The Effect of Reverse-Image Viewing on Laparoscopic Skills Acquisition
*Erica D Kane, *Alex Knee, *Gladys Fernandez, *Donald Kirton, Neal E Seymour
Baystate Medical Center, Springfield, MA
Objective:Laparoscopic skills degrade when telescope viewing axis deviates 90- to 180-degrees from the instrument working axis. Training under reverse viewing conditions is challenging but may impart skills relevant to general laparoscopy, even under forward viewing conditions. We tested whether training with a reverse viewing component more efficiently increases trainee laparoscopic skills than training under forward viewing conditions alone. Design:Single-blinded randomized control trial Setting:Laparoscopic virtual reality (VR) simulation lab Participants:PGY1 surgery residents Main Outcome Measures:Proficiency on all VR machine metrics as time, pathlength, errors (mean [95%CI]). Intervention:Residents were randomized to control (0-degree laparoscope view) and study (alternating 0-and 180-degree) on a VR simulator retract/dissection task (RD). After reaching proficiency (expert surgeon performance), residents performed a VR gallbladder excision task (GB) at maximum difficulty until proficiency was achieved.

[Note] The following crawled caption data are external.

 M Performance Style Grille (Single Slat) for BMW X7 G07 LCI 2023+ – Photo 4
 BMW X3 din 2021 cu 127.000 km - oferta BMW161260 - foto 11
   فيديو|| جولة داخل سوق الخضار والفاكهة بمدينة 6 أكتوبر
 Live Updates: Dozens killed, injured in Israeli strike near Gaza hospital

Results:11 Control and 10 Study participants completed all tasks. At start of GB performance, study group task time (330 [290-369] vs 475 [439-511] seconds; p<0.0001) and pathlength (401 [327-475] vs 699 [632-766] cm; p<0.0001) were shorter, with fewer errors (20 [15-26] vs 32 [26-37]; p=0.005) than controls. This effect persisted for task time through iteration 4, but pathlength and error differences diminished. There was no difference in number of iterations to achieve proficiency for time or errors between groups. Study group achieved pathlength proficiency more rapidly than controls (4.8 [4.6-5.0] vs 9.8 [8.7-11.0]; p=0.03). Conclusions:Addition of reverse viewing to training improved performance on a simulated clinical task compared to training with forward viewing. This was most evident for task time. However, this effect diminished rapidly with iterative training and there was no difference in task iterations to reach proficiency. Dyad training may confer a durable effect on movement efficiency.